Но насколько разумел Борисов, хотя в военном деле он не был специалистом, у летчиков-транспортников не бывает напарников, напарники есть только у истребителей, где ведомый прикрывает ведущего — истребители ходят только парами. Значит, этот военный — летчик-истребитель.

— Нет больше моего напарника. — Военный стиснул зубы, глаза его сжались, как перед дракой. — Нет больше Витьки Сидоренко.

Надо было бы Борисову сказать какие-то утешающие слова, но что значат слова его по сравнению с тем, что человека уже нет? Воздух, не имеющий оболочки, угасший звук. Он нагнулся, молча скребнул рукавицей по фанере.
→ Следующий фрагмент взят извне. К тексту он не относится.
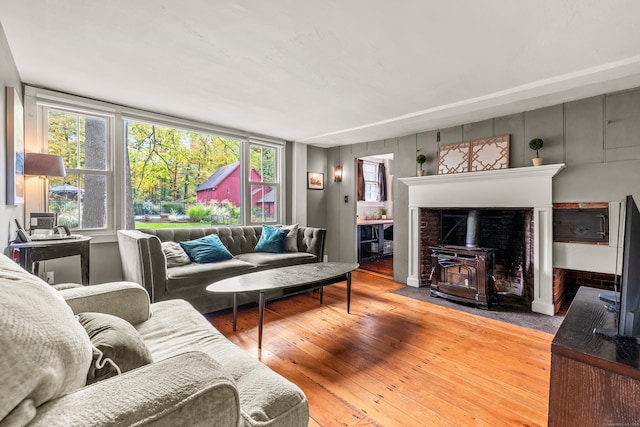 living room with a wood stove and hardwood / wood-style floors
— Ладно, — стиснутым сквозь зубы голосом проговорил военный, — того, что было, уже не вернешь. И с тех, кто был… — похлопал рукою по противогазной сумке, что-то проверяя, вздохнул. — Ладно! Жить все равно надо. И воевать надо. На подлете к Ленинграду сбили Витьку. Я в облака ушел, затерялся, а он под очередь мессера угодил. — Военный расстегнул сумку, достал большой, не менее килограмма весом будильник. Борисов видел такие — в Москве на заводе выпускают, на коленке либо на слесарном верстаке молотком выколачивают, на ногу упадет — больницы не миновать, такой агрегат любую кость раздробить может. — Солнечные часы солнечными часами, а вот — часы земные. Починить сможешь? — Военный беззвучно переместился к Борисову.
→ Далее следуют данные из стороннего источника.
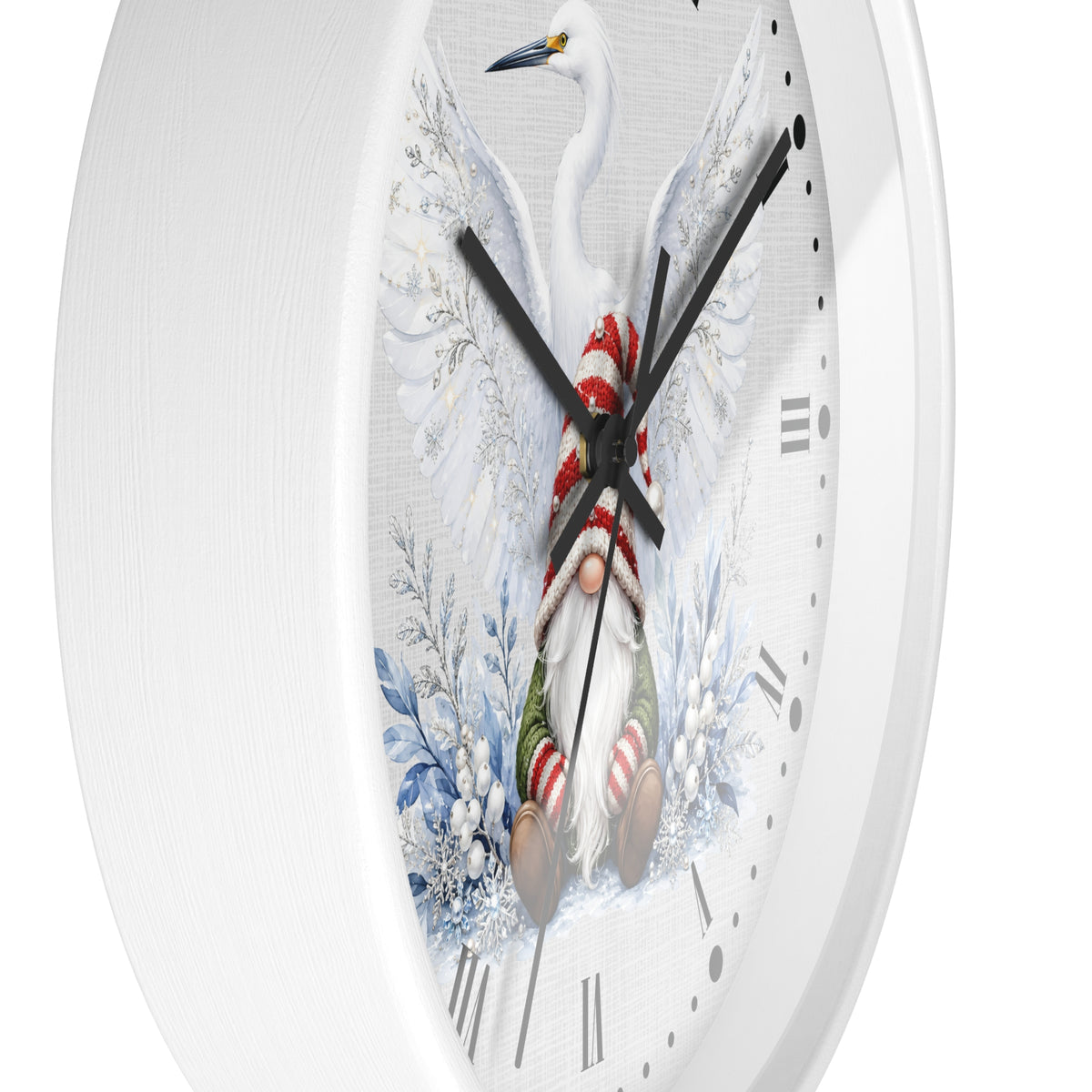 A round white wall clock with a festive illustration of a white heron and a Santa-clad gnome surrounded by blue winter foliage on the face.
— Нет, — качнул головой Борисов, пробормотал виновато: — Я же астроном.

— Жаль, — военный вздохнул, — очень жаль. Я думал, что ты все можешь. Очень простая штука — будильник!

— Будильники не могу. Не понимаю в них ничего.

— Еще раз жаль! — Военный сунул часы в сумку, достал буханку хлеба. Дух от хлеба шел острый, вышибал слюну.

— Держи, астроном. — Военный протянул хлеб Борисову. — Гонорар за несостоявшуюся починку.

— Да вы что… зачем… не надо, — замялся Борисов, частя и съедая слова.

— Держи, держи!

— Может, действительно, не надо?

— Что же ты, астроном, ведешь себя как малый ребенок? Дают — бери, бьют — беги. Такую пословицу знаешь?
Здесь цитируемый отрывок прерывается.